===== Data excerpts =====
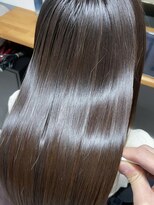 ライア 下北沢(laia)&nbsp;艶々ロングヘア【髪質改善 下北沢 トリートメント】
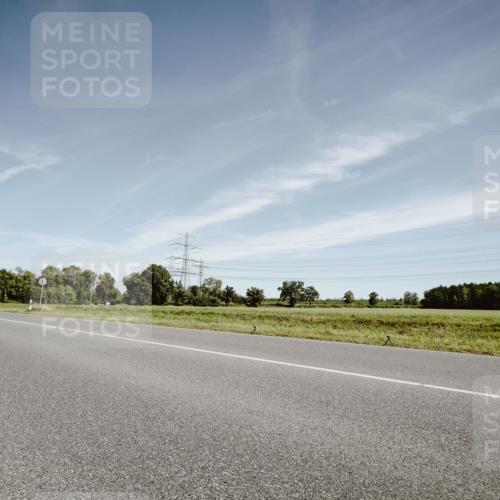 07.09.2025 - 19. Norderstedt Triathlon Michael Burmester http://msf.ph/oto/8853352 07.09.2025 11:47:59 Radfahren  meine-sportfotos.de
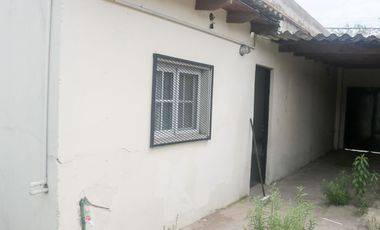 CASA EN VENTA DOS DORMITORIOS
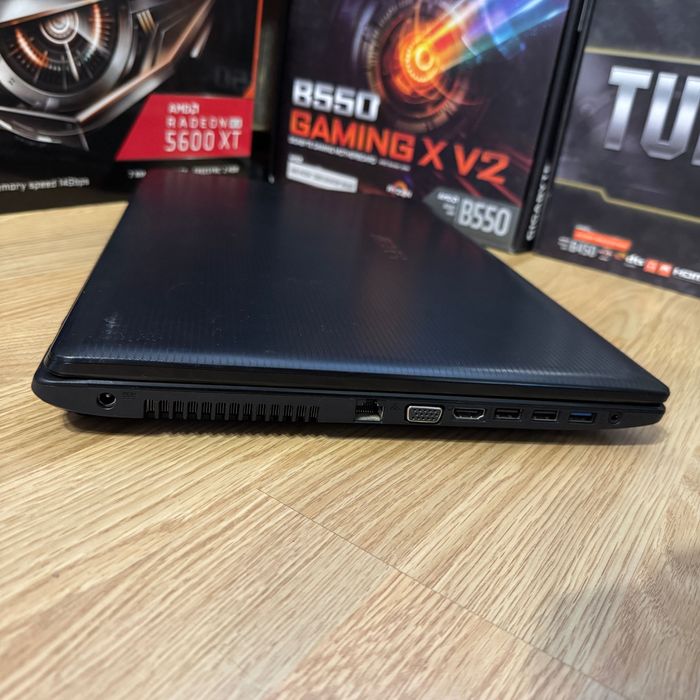 Ноутбук Asus R704V • GT740M(2gb) • Intel • 8gb(DDR3L) • SSD(240gb)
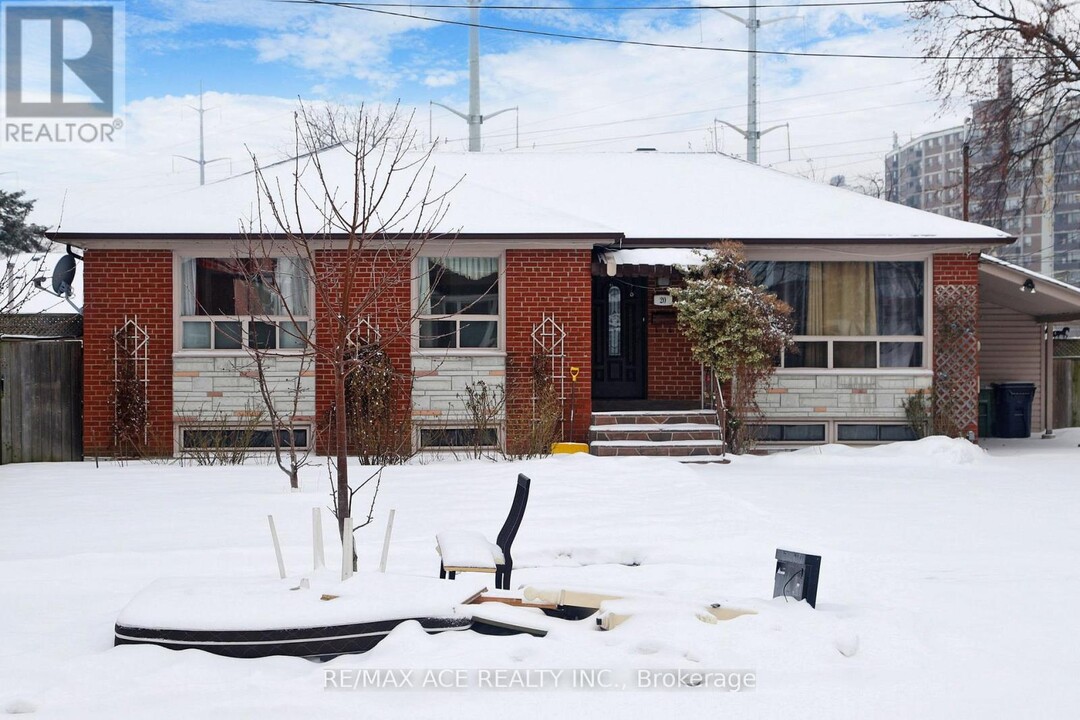 20 Camarel Crescent in Toronto, ON - Building Photo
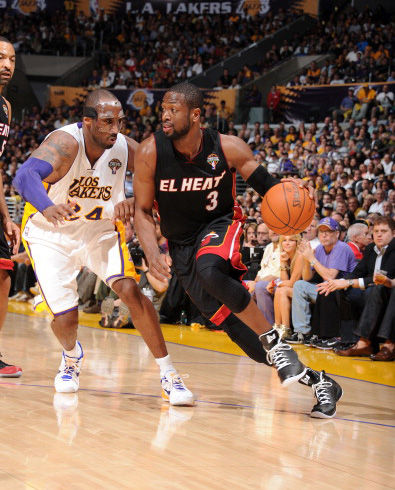 篮板卡位同 篮板卡位同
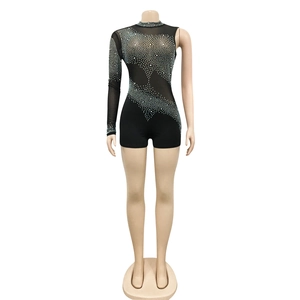 Détail du body noir à manche unique en tulle avec strass argentés brillants sur mannequin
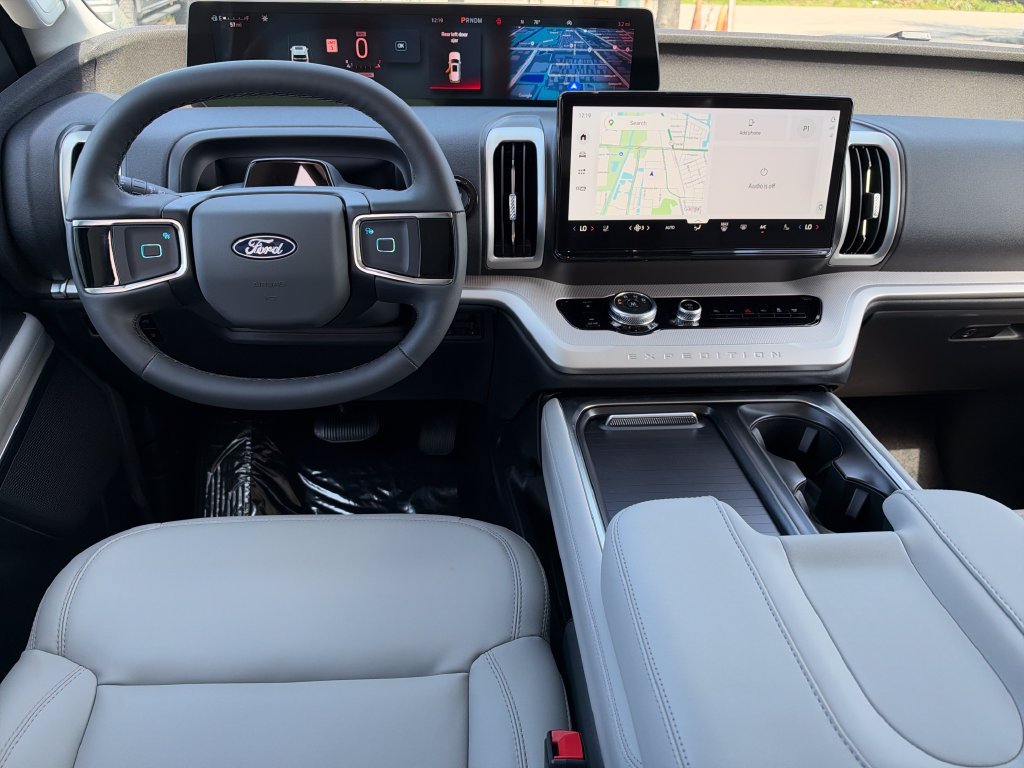 New 2027 Ford Expedition Max Active RWD image 5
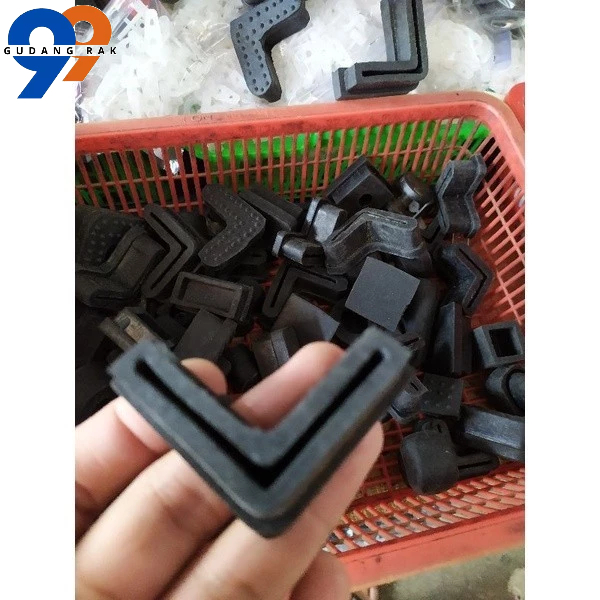 Karet Siku 4x4 Kaki Rak Siku Besi - Hitam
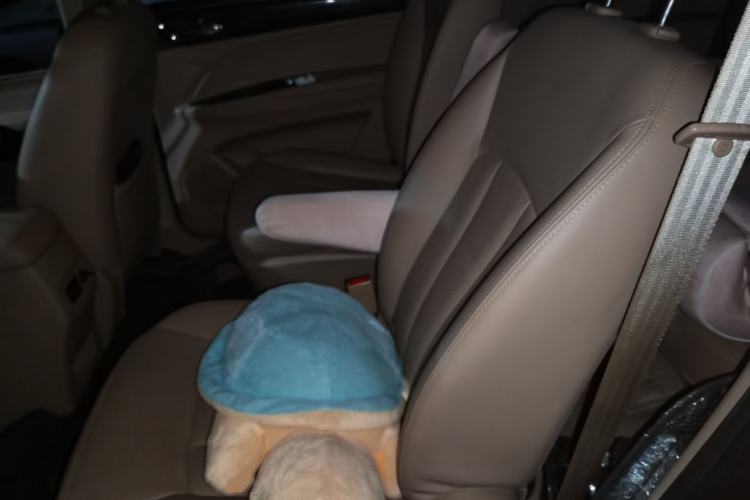 Used Baojun 730 2014 1.5L manual Comfort version 7 seats Left Rear Seat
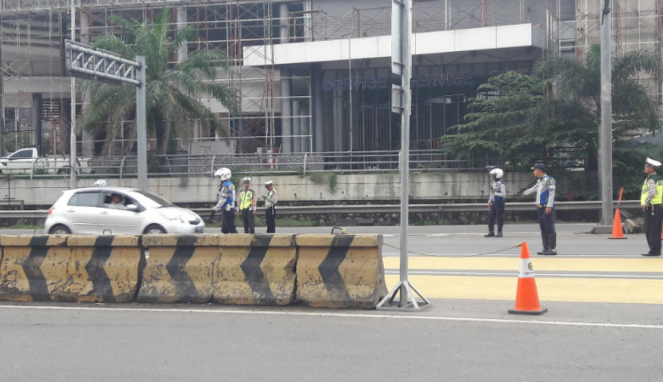 Pemeriksaan pelat kendaraan sebelum masuk Tol Cikampek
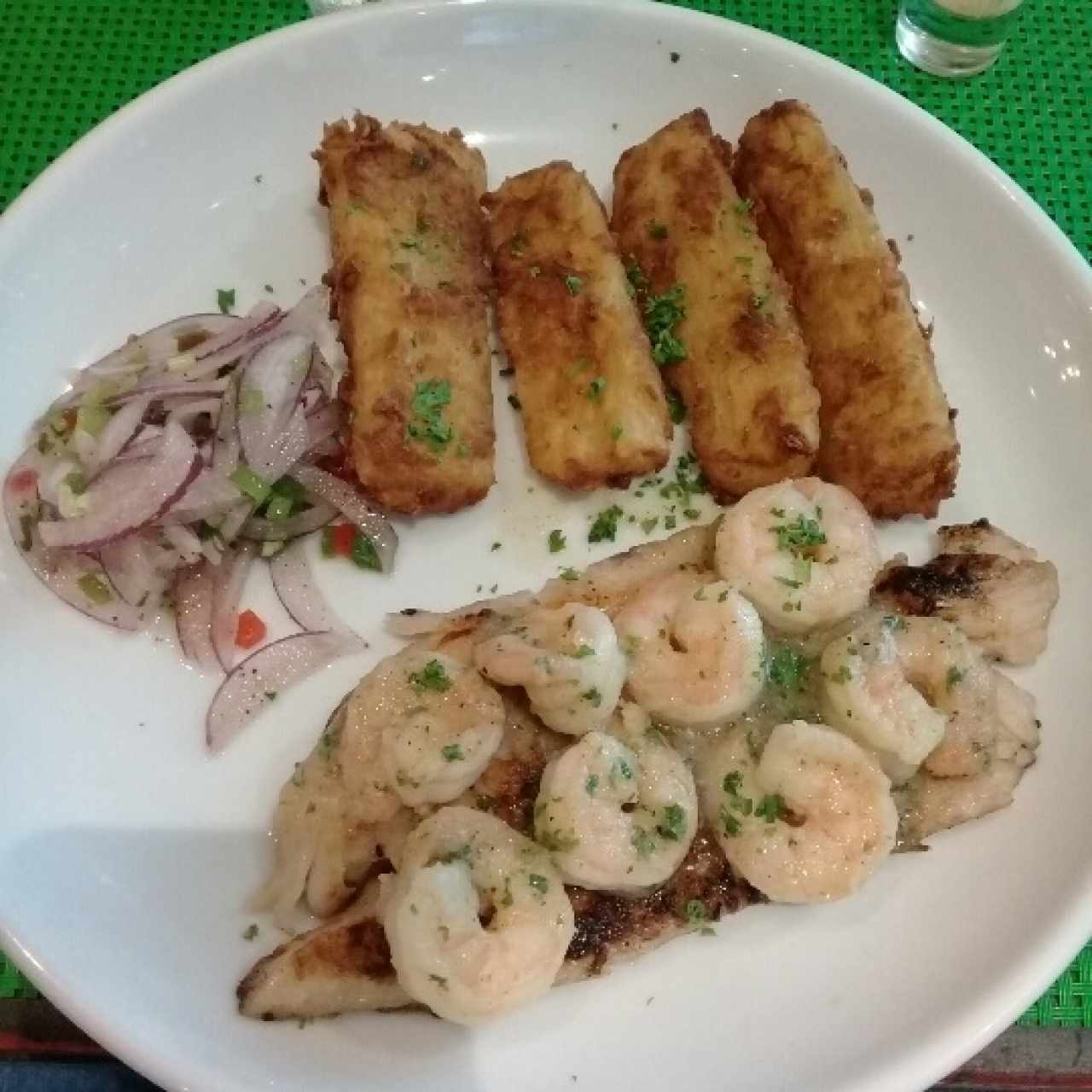 filete de pescado con camarones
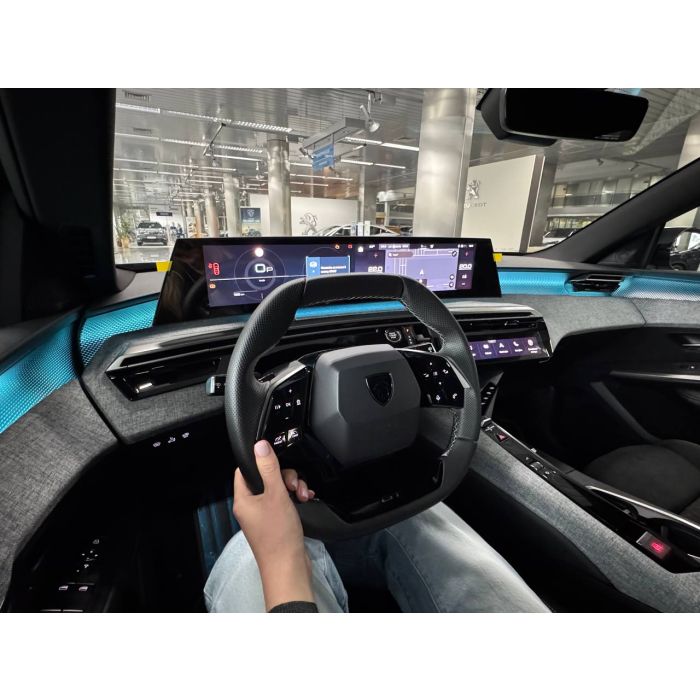Peugeot 3008 HYBRID 1,2 л (136 к. с.) АКПП-6 GT 2025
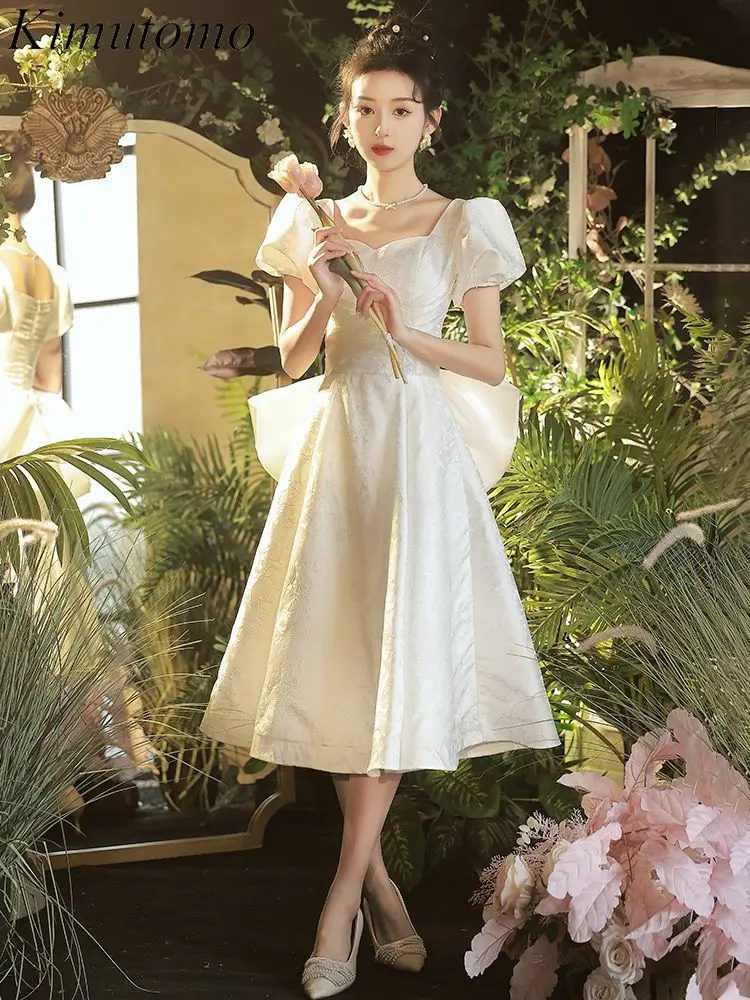 

Женское Обручальное платье средней длины, белое ТРАПЕЦИЕВИДНОЕ ПЛАТЬЕ с большим бантом, квадратным вырезом и короткими рукавами-фонариками, с цветочным принтом и венами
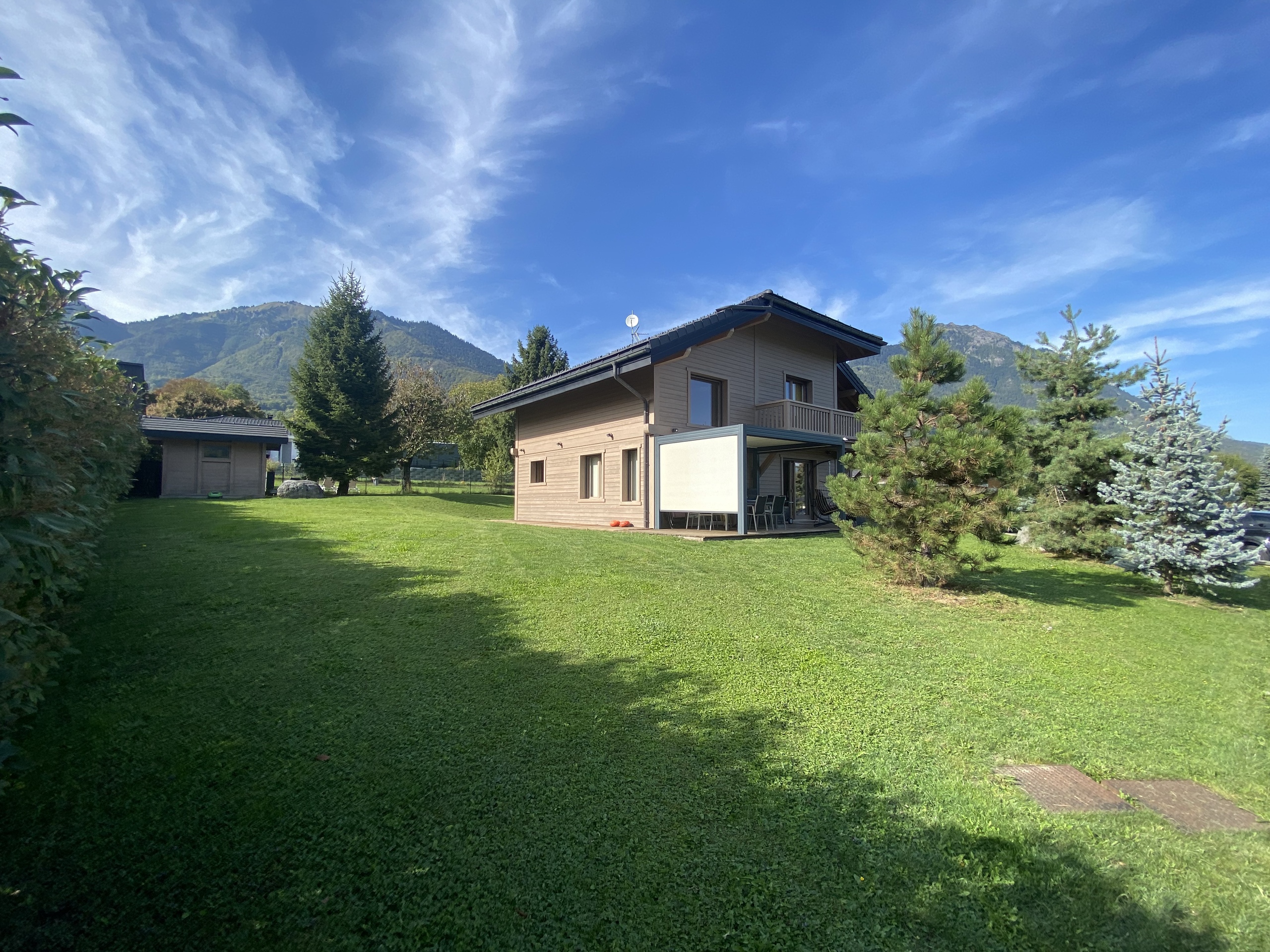 Haus mit großem Garten und Bergkulisse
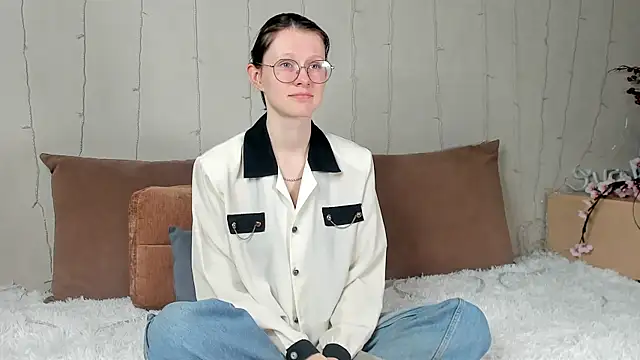 RoxyHerena online show from December 23, 2025, 5:07 am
=====
### Your task
All records above are to be printed exactly, minus the pictures they contain.

### Exercise answer
 ライア 下北沢(laia)&nbsp;艶々ロングヘア【髪質改善 下北沢 トリートメント】
 07.09.2025 - 19. Norderstedt Triathlon Michael Burmester http://msf.ph/oto/8853352 07.09.2025 11:47:59 Radfahren  meine-sportfotos.de
 CASA EN VENTA DOS DORMITORIOS
 Ноутбук Asus R704V • GT740M(2gb) • Intel • 8gb(DDR3L) • SSD(240gb)
 20 Camarel Crescent in Toronto, ON - Building Photo
 篮板卡位同 篮板卡位同
 Détail du body noir à manche unique en tulle avec strass argentés brillants sur mannequin
 New 2027 Ford Expedition Max Active RWD image 5
 Karet Siku 4x4 Kaki Rak Siku Besi - Hitam
 Used Baojun 730 2014 1.5L manual Comfort version 7 seats Left Rear Seat
 Pemeriksaan pelat kendaraan sebelum masuk Tol Cikampek
 filete de pescado con camarones
Peugeot 3008 HYBRID 1,2 л (136 к. с.) АКПП-6 GT 2025

Женское Обручальное платье средней длины, белое ТРАПЕЦИЕВИДНОЕ ПЛАТЬЕ с большим бантом, квадратным вырезом и короткими рукавами-фонариками, с цветочным принтом и венами
 Haus mit großem Garten und Bergkulisse
 RoxyHerena online show from December 23, 2025, 5:07 am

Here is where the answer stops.